I used to think raising babies and toddlers and preschoolers was hard. Oh, those years are long and wild and most of all, tiring, but the upside is that they’re simpler. Most of the time, you feel like you’re working in a production line, going through the same motions (feed, change, sleep, repeat) every single day, but a lot of it is “mindless” work. (Until the tantrums start. Lol) Raising a tween, on the other hand … THAT. IS. HARD.
I wish I could go into details about what we’ve been going through, but the munchkin who has requested to not be mentioned on social media ever again would not approve, so I must respect his wishes. 🙂 Suffice it to say, I told hubby the other day that I am seriously considering dyeing my hair because my white hair is doubling by the week. Groan … mutter … sigh!
Even as I’m praying and struggling through these new challenges, I’m reminding myself that this is all normal. Kids are supposed to grow up, “find themselves”, and navigate that fine line between dependence and independence. During this time, however, bad attitudes, hurt feelings, and mistakes will happen. Words will be said and things will be done that we wish could be taken back and undone. Most of all, this parent-child relationship will be tested time and time again.
I was reminded this week of a show my kids used to watch when they were much younger called Bob the Builder.
If you’ve never seen it, it’s an animated show that features a fix-it guy named Bob and his whole crew of construction vehicles. One of the things that Bob always says is, “Can we fix it? Yes, we can!” I thought of Bob and this slogan because lately, I feel like there’s a lot of fixing going on in our house. Our parent-child bond keeps on being tested—and broken. But for every time it does, we can be like Bob and ask, “Can we fix it?” Yes, we can!
Repairing a relationship is not an easy task by any stretch of the imagination. We can’t use tools, such as screwdrivers, hammers or nails, to put things back together. Hearts cannot be mended with tape or glue. But you know what we do have that is stronger and more effective than any fix-it gadget? Love.
I can hear you groan (or maybe that’s me!). Yup, unfortunately, there’s no easy fix for a broken relationship. But I do want to encourage all the parents out there who are in the early stages of parenting: You can make it easier for yourself now.

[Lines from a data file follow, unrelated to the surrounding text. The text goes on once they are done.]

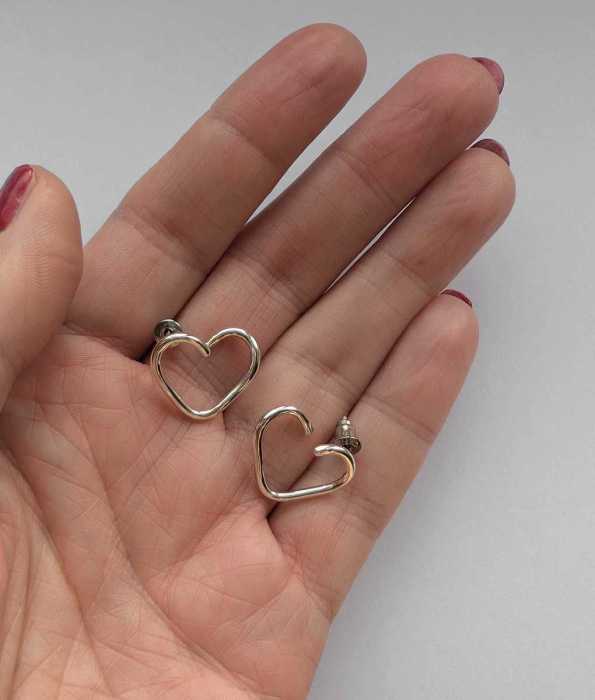 OPEN HEART ÖRHÄNGEN, SILVER-SMÅ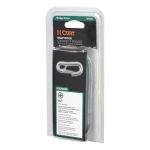 CURT snap hook with spring-loaded latch, zinc-plated finish, for secure trailer chain connection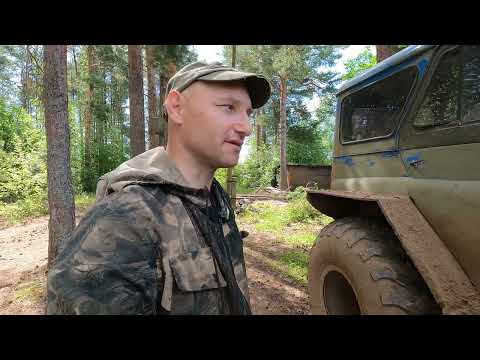 Видео: До избушки на "Драконе". Расчистил зимний путик.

The one thing I’m thankful for is that hubby and I have fairly close relationships with our munchkins. Over the years, we’ve worked to build up mutual trust and respect and, thanks to hubby, a sense of fun. For the most part, we enjoy one another’s company and are sensitive to one another’s needs. Because of this closeness, whenever there’s a disconnect between us, we can feel it. It makes us so uncomfortable that we can’t go too long without wanting to reconnect with the other person. Because of the bond we’ve built (and continue to build upon), it’s easier and more natural for us to repair the bond when it breaks. And this, my friends, has been our saving grace during this crazy time.
So, this is the advice I give to all parents of young kids: Be sensitive to your child and his needs. Love him the way he needs to be loved. And a decade from now, your future self—and your child—will thank you for doing so.
This is a song I’ve been listening to on repeat, Imagine Dragons’ “Walking the Wire”. Even though it’s a love song, I think the lyrics are very applicable to parenting through the hard times.
We could turn around and we could give it up
But we’ll take what comes, take what comes
Oh, the storm is raging against us now
If you’re afraid of falling, then don’t look down
But we took the step, oh, we took the leap
And we’ll take what comes, take what comes
What helped you through your teen years? Are you a parent of pre-teens/teens? I’d love to hear your advice!